Идеально круглая, почти оранжевая луна чуть заметно колыхалась в бездонном карьере.
Тоскливо пахло полынью, стоялой водой и кислой пороховой окалиной ржавеющей разбитой гаубицы, валяющейся в соседнем овраге. Утомленные собственным криком лягушки умолкали одна за другой в камышовом частоколе на противоположном берегу ночного карьера. Медленно, но верно, над окраиной городка опускалась ночная тишина, и лишь длинный нескладный мальчишка, свесив над обрывом босые ноги, плакал.
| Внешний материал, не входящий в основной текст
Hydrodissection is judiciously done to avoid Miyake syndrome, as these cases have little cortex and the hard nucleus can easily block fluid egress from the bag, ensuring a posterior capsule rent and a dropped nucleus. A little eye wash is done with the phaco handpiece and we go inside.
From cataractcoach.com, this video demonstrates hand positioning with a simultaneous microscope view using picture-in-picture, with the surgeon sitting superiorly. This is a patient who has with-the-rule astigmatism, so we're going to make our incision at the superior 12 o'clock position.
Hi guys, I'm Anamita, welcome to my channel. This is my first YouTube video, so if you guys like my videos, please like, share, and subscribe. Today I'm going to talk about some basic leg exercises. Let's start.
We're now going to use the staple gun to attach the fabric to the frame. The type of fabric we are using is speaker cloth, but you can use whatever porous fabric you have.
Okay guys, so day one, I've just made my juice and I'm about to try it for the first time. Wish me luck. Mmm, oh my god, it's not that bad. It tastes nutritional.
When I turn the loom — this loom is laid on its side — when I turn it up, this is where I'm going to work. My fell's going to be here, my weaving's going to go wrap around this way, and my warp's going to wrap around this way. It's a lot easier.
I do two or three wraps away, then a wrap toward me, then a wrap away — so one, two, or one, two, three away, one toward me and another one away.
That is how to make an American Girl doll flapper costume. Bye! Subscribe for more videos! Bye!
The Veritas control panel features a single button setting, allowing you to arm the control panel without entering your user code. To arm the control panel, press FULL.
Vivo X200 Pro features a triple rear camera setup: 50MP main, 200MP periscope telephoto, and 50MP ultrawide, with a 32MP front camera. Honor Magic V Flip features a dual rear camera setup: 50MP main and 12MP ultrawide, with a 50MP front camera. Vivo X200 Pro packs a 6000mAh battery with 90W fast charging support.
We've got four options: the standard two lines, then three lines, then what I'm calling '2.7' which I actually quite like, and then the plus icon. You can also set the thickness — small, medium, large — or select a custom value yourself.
Плакал, не переставая, громко и обиженно.
***
…Ольга, женщиной оказалось довольно вздорной и пустой, но для Александра Михайловича, чей опыт общения с противоположным полом был довольно скудным, она казалась событием необычайно великолепным, сходным разве что с поднебесными жителями, эфемерными серафимами к примеру.
Бывшего тюремного надзирателя все восхищало в этой женщине: и ее тяжелые груди с крупными сосками, и крепкие ноги с короткими пальцами, и широковатые бедра, украшенные тонкой витиеватой наколочкой, и даже глубоко утонувший пупок.
А довольно легкомысленно подбритые рыжеватые волосы паха возбуждали настолько крепкого и сильного мужика, что он иной раз разглядев их сквозь полупрозрачное белье, не выдерживал соблазна и овладевал Ольгой решительно и грубо, по-мужицки безыскусно.
Она смеялась и отбрыкивалась, но делала это настолько мило и соблазнительно, что Леклерков заводился еще больше.
Именно в такие минуты не терявшая головы женщина умудрялась вытянуть из мужика любое обещание, любую клятву.
Именно после таких вспышек страсти Ольгин гардероб незаметно обогатился довольно дорогой шубкой из серебристо-голубой шиншиллы и богатой высокой лисьей шапкой, импортными сапожками на тонюсеньких каблучках.
Деньги, накопленные за годы службы в «Черном дельфине», довольно быстро иссякли, и чтобы купить Ольге импортную дубленку «мраморной» выделки, Александр продал свой пистолет, невесть каким образом добытый им в Соль-Илецке.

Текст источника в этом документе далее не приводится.